Obama’s announcement comes amid growing calls from an anxious Congress for an endgame in Afghanistan and appeals from the military not to tie its hands in the fight against a Taleban-led insurgency.
He has sought to balance arguments from military leaders pressing for a slow drawdown of the 100,000 US troops in Afghanistan and White House advisers advocating a more rapid pullout now that Osama Bin Laden is dead and a 2012 re-election campaign approaches.
But it remained unclear whether Obama’s decision would reconcile these conflicting pressures or satisfy any of the major players.
“He has been working through his decision over the course of the last several weeks and finalized that decision today,” White House spokesman Jay Carney said on Tuesday.
While Carney declined to provide details of the president’s plan, he said it was in line with NATO’s goal of turning over the lead for security throughout the country to Afghan forces by 2014. Even at that stage, some US troops might remain as trainers.
 

Obama intends to announce the withdrawal of roughly 5,000 surge troops, the equivalent of an army brigade, starting next month and up to an equal number more before the end of the year, with the final number determined by conditions on the ground, the sources said.
He could also offer a blueprint for removing what remains of the 30,000-strong surge contingent by the end of 2012, which would give commanders the firepower they say they need for this fighting season and the next one.

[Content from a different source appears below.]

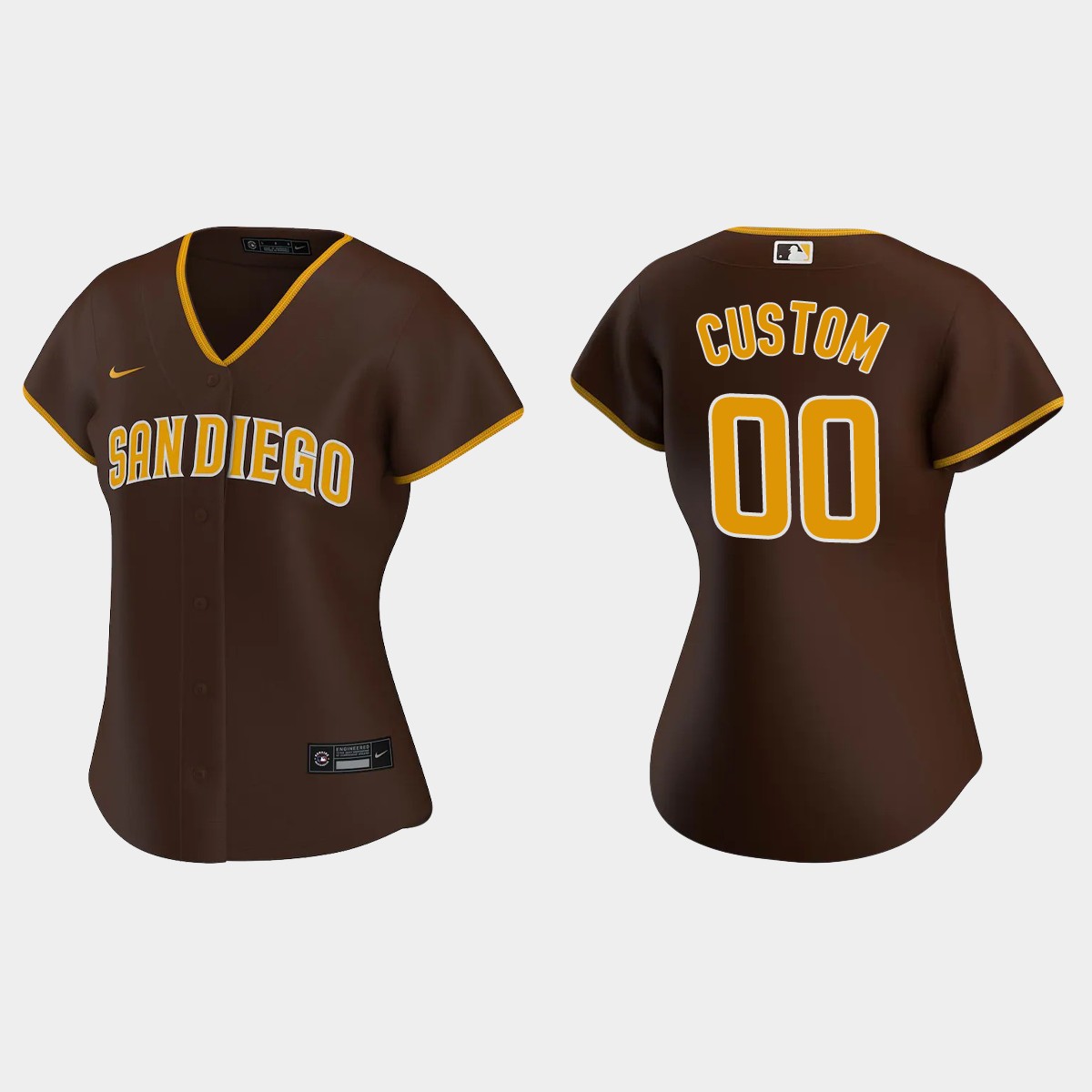 Women's San Diego Padres Custom Brown Road Jersey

But the congressional source said that Obama might give the Pentagon some flexibility by stating that the remaining surge troops would leave at “a pace to be decided by the military.”
Obama’s decision comes at a critical juncture as lawmakers from both parties, looking to slash federal spending, are anxious to curtail what has become a costly and unpopular US military intervention.

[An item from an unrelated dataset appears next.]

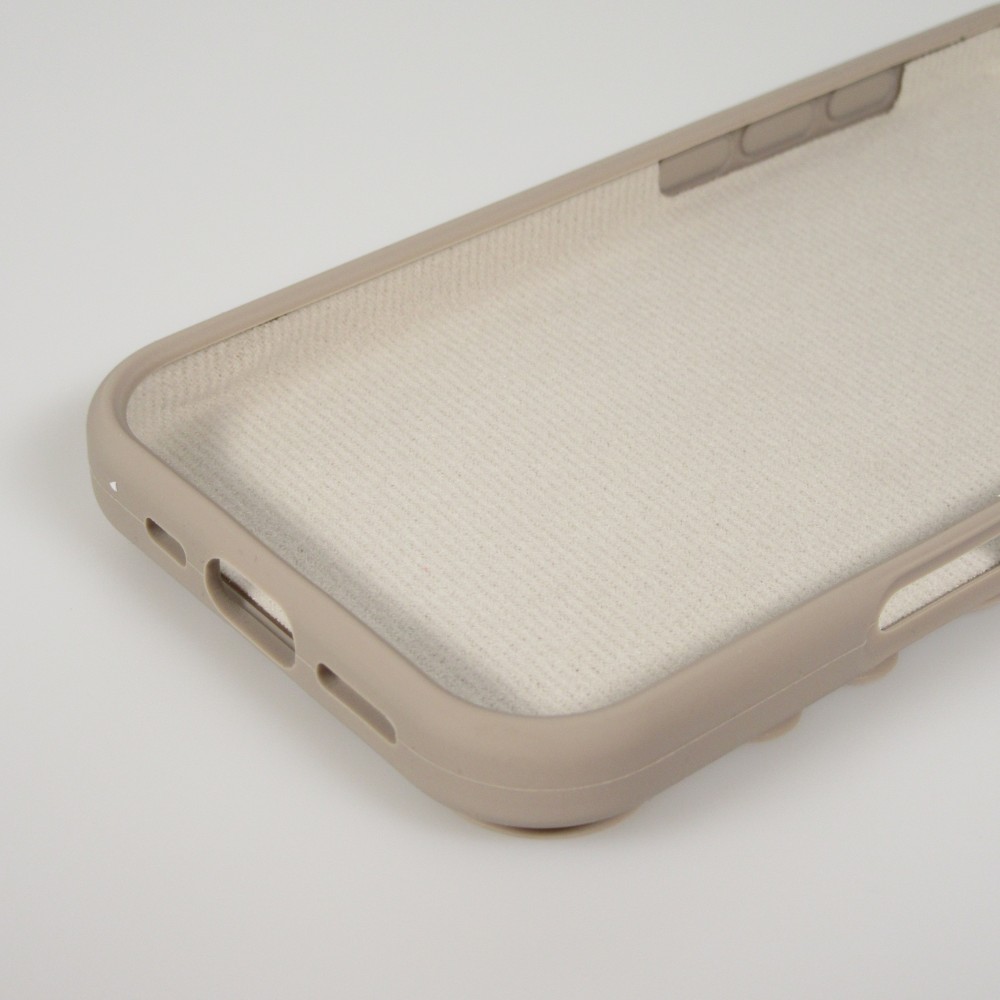 iPhone 17 Case Hülle - Pastellfarbene Wandhalterung mit Saugnapf für glatte Oberflächen - Braun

A Pew Research poll released on Tuesday found a record 56 percent of Americans now favor bringing the 100,000 US forces currently stationed in Afghanistan home as quickly as possible.
The killing of Bin Laden in a US raid last month has helped buttress the argument within the administration that there has been enough progress against Al-Qaeda to justify scaling back the war effort faster than expected.

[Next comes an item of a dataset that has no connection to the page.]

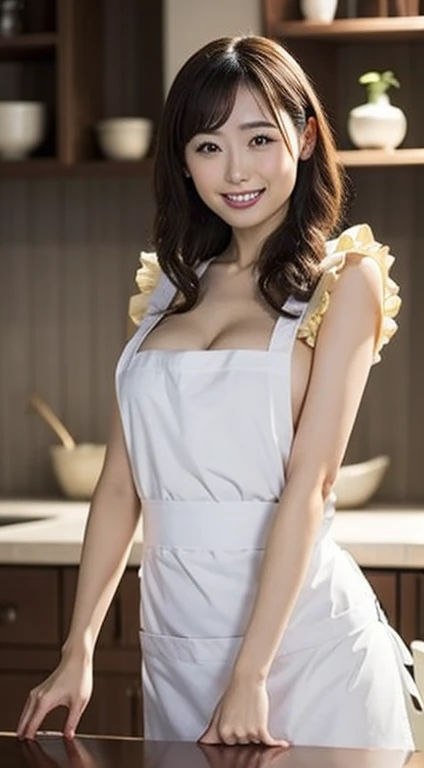 One Woman、Big slanted eyes、Naked with an apron:1.5、The sides of her breasts are visible through her apron、((Randomly sexy poses))、Tie your hair up、smile、Ruffled Apron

Pentagon officials have voiced concern that a rapid withdrawal would endanger gains against the Taleban insurgency while White House advisers have pressed for a drawdown large enough to placate his own Democratic Party’s anti-war wing as well as a growing number of Republicans.
Obama had been reviewing a range of options presented by General David Petraeus, his top commander in Afghanistan.
Among the ideas under consideration was to set a timetable of 12 to 18 months to pull out all of the 30,000 extra troops he sent to Afghanistan, following a review of US war strategy in late 2009, to break the momentum of the Taleban.
Obama has only said the initial withdrawal will be “significant.”
As news reports circulated about the extent of the drawdown Obama would announce, Senate Armed Services Committee Chairman Carl M. Levin reiterated his view that there had been enough military progress in Afghanistan to withdraw 15,000 troops by the end of the year.
“The level of US troop reductions in Afghanistan needs to be significant to achieve its purpose — letting the Afghan government know we are determined to shift primary responsibility for their security to the Afghan security forces,” the Democratic lawmaker said.
Defense Secretary Robert Gates has urged a more modest drawdown out of the 100,000 US troops now in Afghanistan to avoid undercutting military gains on the ground.